> [Work request]
Exact repetition of a range: find the line containing "And then I have" and the line containing "Soft romantic curls" in the material below, then repeat both and all lines between them, leaving pictures out.
** Opening Data for review block **
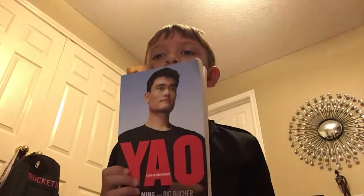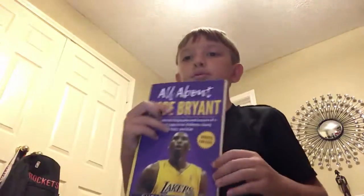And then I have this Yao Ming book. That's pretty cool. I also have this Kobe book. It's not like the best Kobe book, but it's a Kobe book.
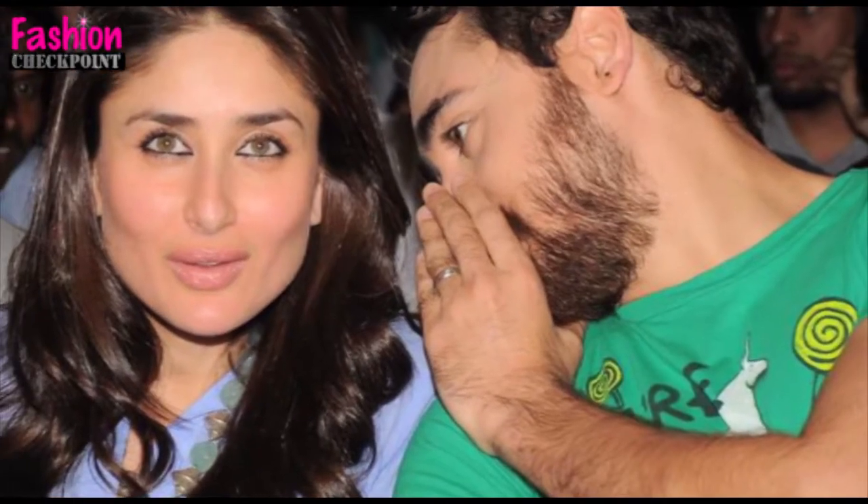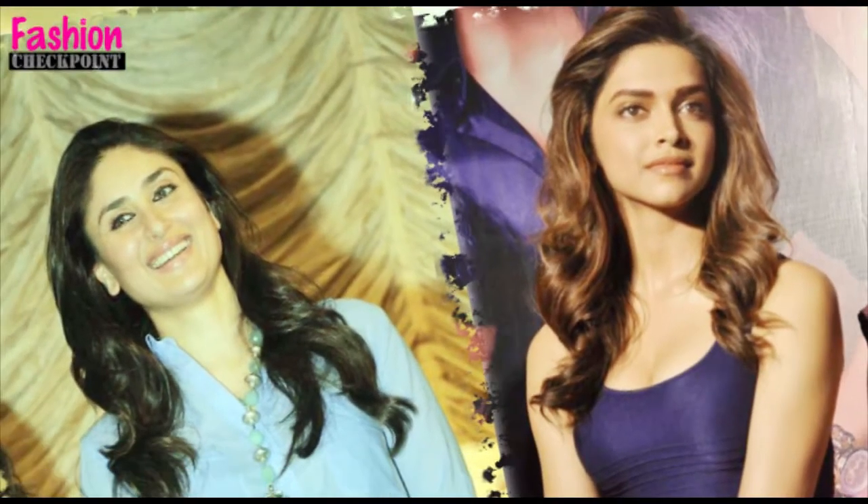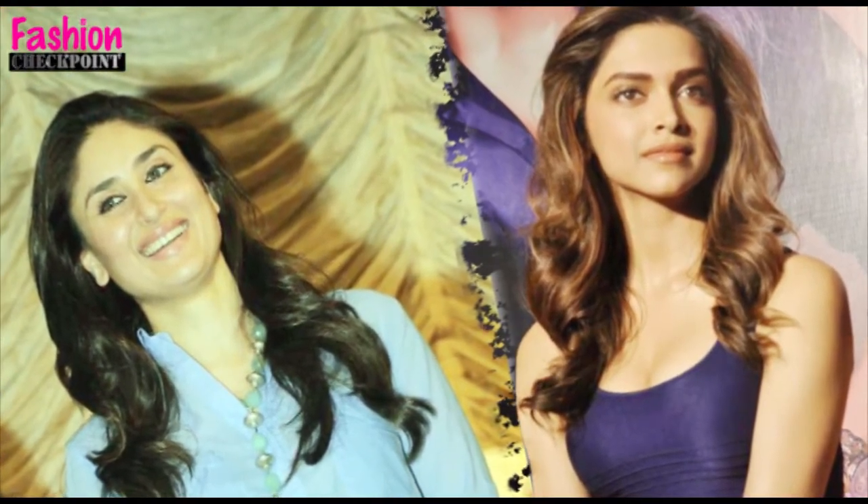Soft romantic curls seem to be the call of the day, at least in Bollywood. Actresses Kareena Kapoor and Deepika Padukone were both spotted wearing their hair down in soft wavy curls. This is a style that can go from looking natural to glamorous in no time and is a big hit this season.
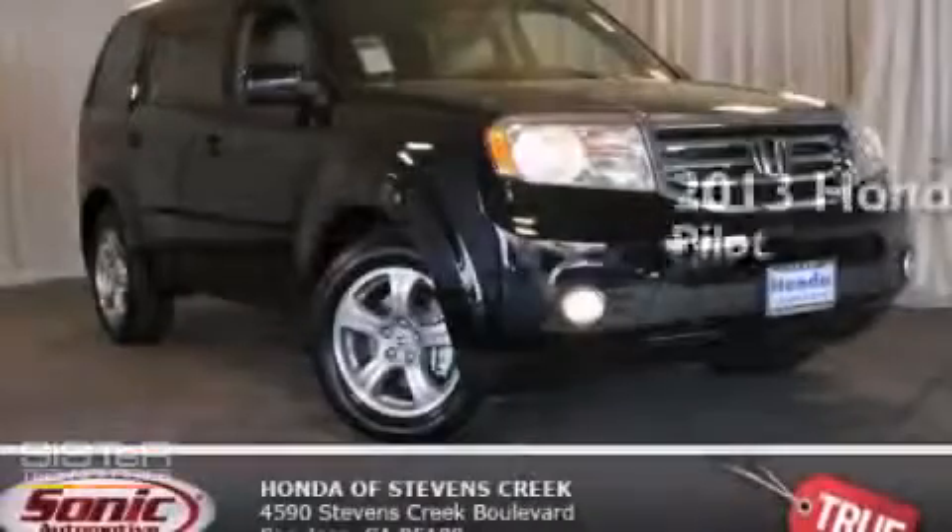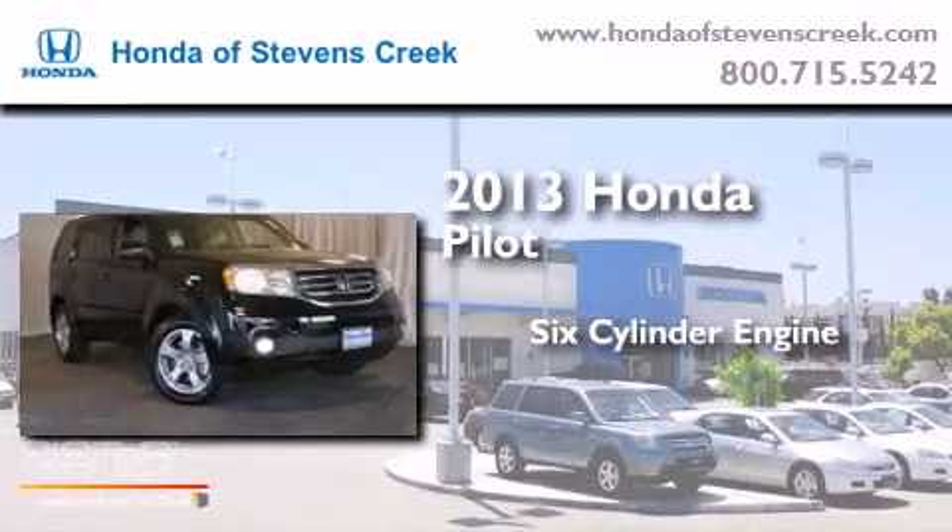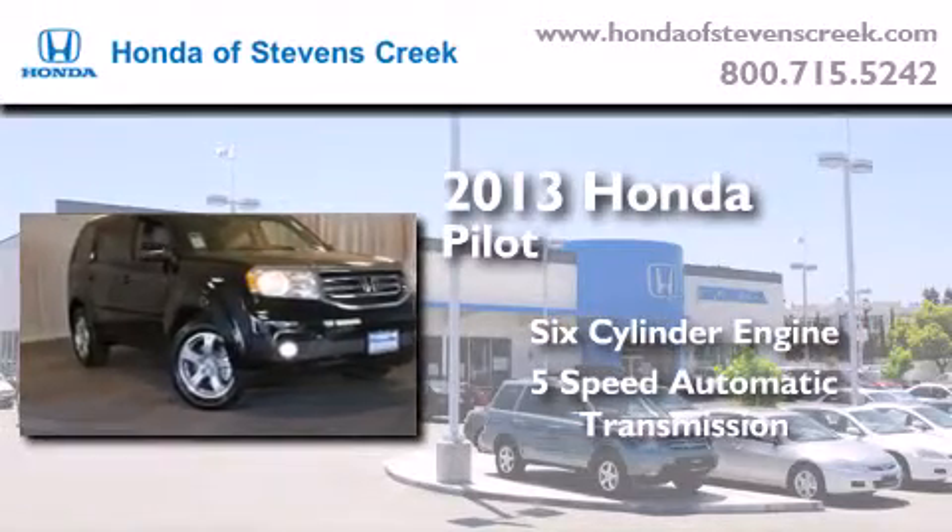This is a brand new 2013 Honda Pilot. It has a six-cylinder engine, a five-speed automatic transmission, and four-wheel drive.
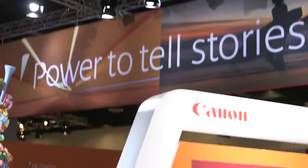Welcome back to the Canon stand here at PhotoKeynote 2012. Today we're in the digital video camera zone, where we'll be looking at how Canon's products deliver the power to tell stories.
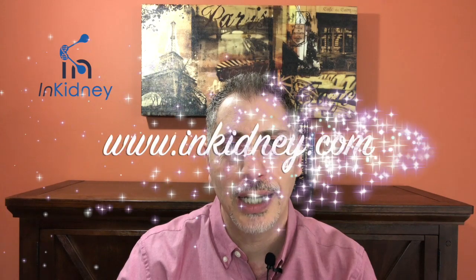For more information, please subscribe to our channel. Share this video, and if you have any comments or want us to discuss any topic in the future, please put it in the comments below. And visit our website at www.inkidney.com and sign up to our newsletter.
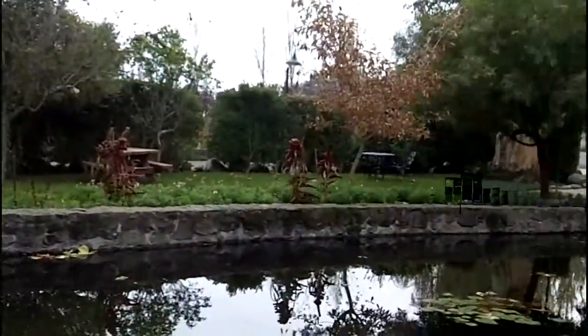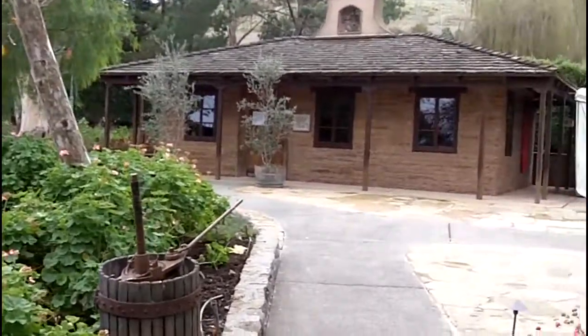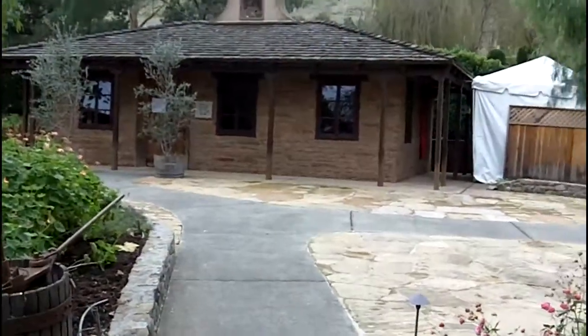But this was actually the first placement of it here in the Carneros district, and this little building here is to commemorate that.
** Closing Data for review block **
** Opening Data for review block **
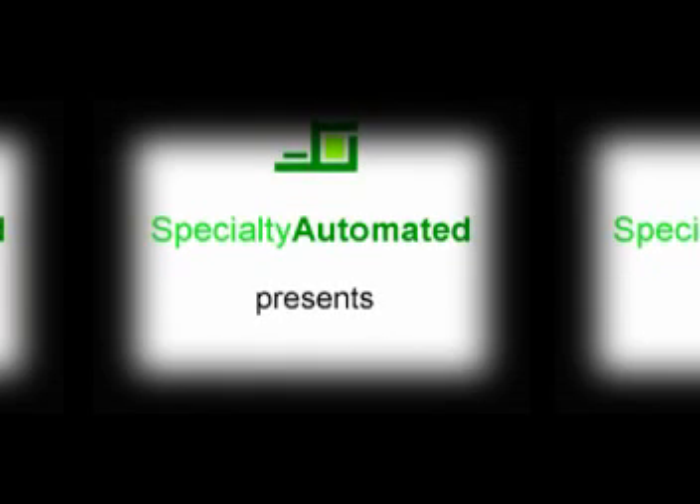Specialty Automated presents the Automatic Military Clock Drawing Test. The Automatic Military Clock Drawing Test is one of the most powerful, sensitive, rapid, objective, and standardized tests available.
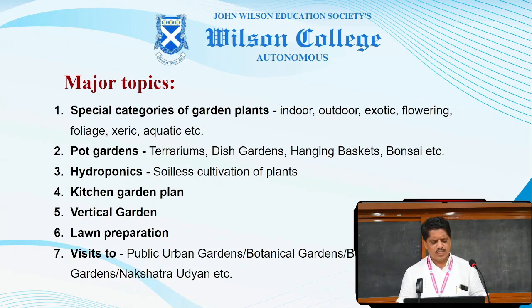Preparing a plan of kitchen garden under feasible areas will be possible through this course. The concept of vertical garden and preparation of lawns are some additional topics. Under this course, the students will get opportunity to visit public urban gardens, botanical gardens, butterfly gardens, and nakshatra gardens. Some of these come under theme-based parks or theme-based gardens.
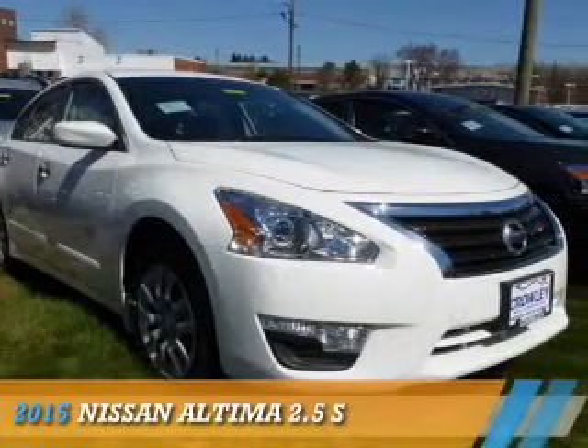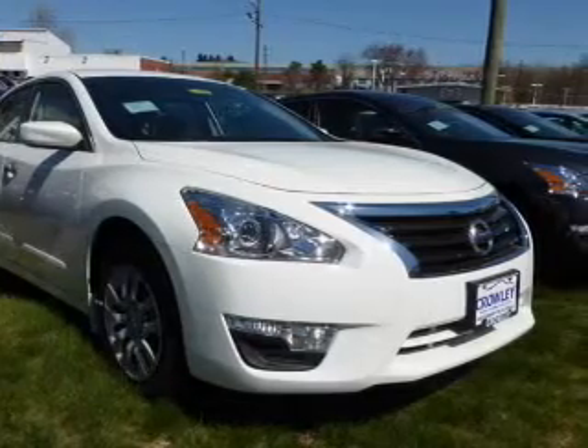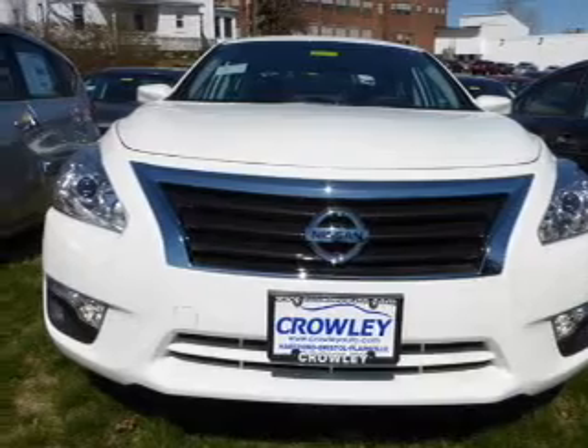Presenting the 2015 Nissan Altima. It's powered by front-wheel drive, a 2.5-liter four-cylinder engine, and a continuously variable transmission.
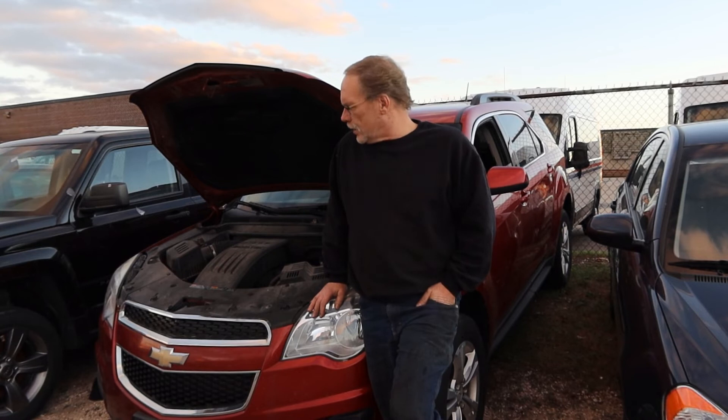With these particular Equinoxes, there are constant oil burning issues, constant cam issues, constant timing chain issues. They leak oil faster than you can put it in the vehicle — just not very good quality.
** Closing Data for review block **
> [Expected answer]
And then I have this Yao Ming book. That's pretty cool. I also have this Kobe book. It's not like the best Kobe book, but it's a Kobe book.
Soft romantic curls seem to be the call of the day, at least in Bollywood. Actresses Kareena Kapoor and Deepika Padukone were both spotted wearing their hair down in soft wavy curls. This is a style that can go from looking natural to glamorous in no time and is a big hit this season.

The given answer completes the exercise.